CCTV is the most visible element of school security and, as a result, the one most frequently specified incorrectly. The metrics that appear in quotes, resolution figures and camera counts, tell you almost nothing about whether a system will work for your school. What matters is coverage, retention, management, and integration.
Coverage means every area identified in your risk assessment is monitored by a camera that can clearly see what needs to be seen. This sounds obvious but it is frequently not achieved in practice. Common gaps include: entrance points that are covered by a camera pointing at the wrong angle, car parks where camera height means the roof of a van obscures the activity behind it, perimeter areas where coverage ends 20 metres from the actual boundary, and internal areas where cameras cover corridors but not the specific rooms where valuable assets are stored.
Coverage is specified correctly by starting with a site plan, identifying every area that needs monitoring and defining what each camera must be able to see, and then working out camera positions that achieve that coverage.
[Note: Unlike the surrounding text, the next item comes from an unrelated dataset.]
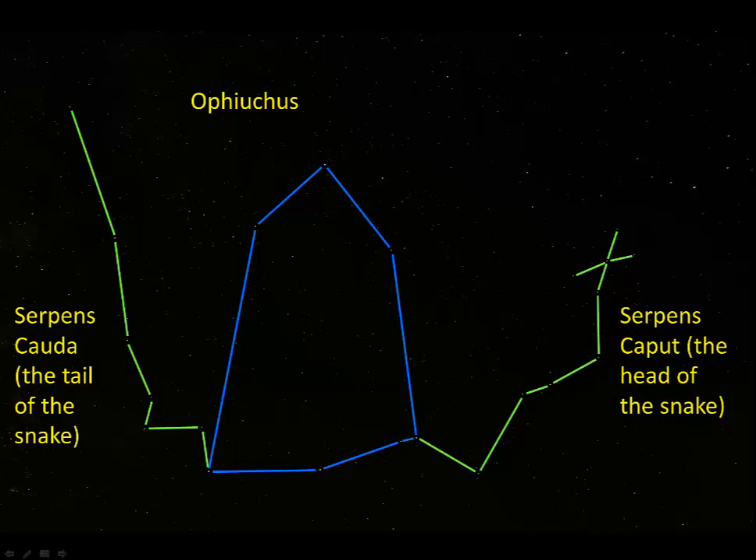Together, the two parts of the constellation are just called Serpens. You may notice that the head of the snake looks kind of like an X — I think to myself, X marks the spot for the head of the snake. I find it easiest to find the head of the snake by using an asterism just above it: up here is Corona Borealis, the northern crown.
Not the other way around. A supplier who asks you how many cameras you want before discussing what you need to see is specifying the system wrong.
31 days is the standard retention period for school security CCTV. This is both the ICO's guidance for proportionate retention and the operationally sensible minimum for a school environment, where safeguarding concerns may come to light weeks after the relevant incident. Shorter periods save storage costs but reduce the system's usefulness when it is needed most. Specify 31 days as a minimum requirement in any procurement.
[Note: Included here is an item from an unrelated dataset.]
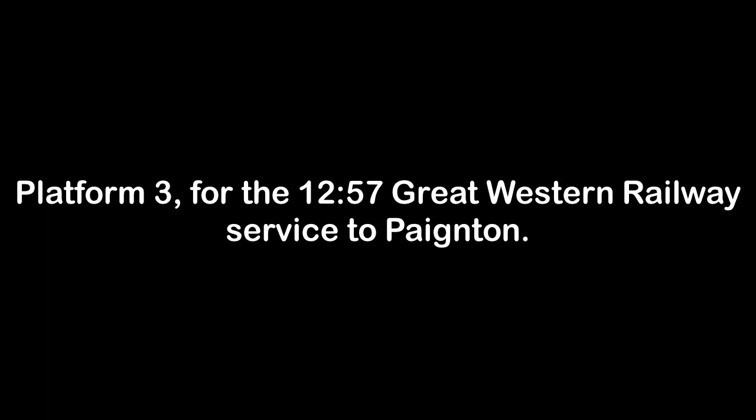Platform 3 for the 1257 Great Western Railway service to Paignton, calling at Exeter St. Thomas, Starcross, Dawlish Warren, Dawlish, Teignmouth, Newton Abbot, Torre, Torquay and Paignton. This train has 4 coaches.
A system that cannot be used by the people responsible for it is not functioning as a security system. Ask any prospective supplier to demonstrate how footage from a specific camera at a specific time is located and exported. This should take under five minutes, require no specialist knowledge, and produce an output that is usable as evidence. If a demonstration takes longer than that or requires the supplier to operate the system for you, the management interface is not fit for a school environment.
AI-powered analytics are increasingly available as standard in modern CCTV platforms. Loitering detection, perimeter breach alerts, crowd density monitoring, and vehicle recognition can add genuine value in a school context, particularly for out-of-hours monitoring and perimeter security. The critical point is that these features require a Data Protection Impact Assessment before deployment, and their use must be covered in your CCTV policy. For a plain-language guide to what AI analytics actually does and where it adds value, see the AI analytics guide. For a practical guide to specifying the right system, see how to choose a school CCTV system.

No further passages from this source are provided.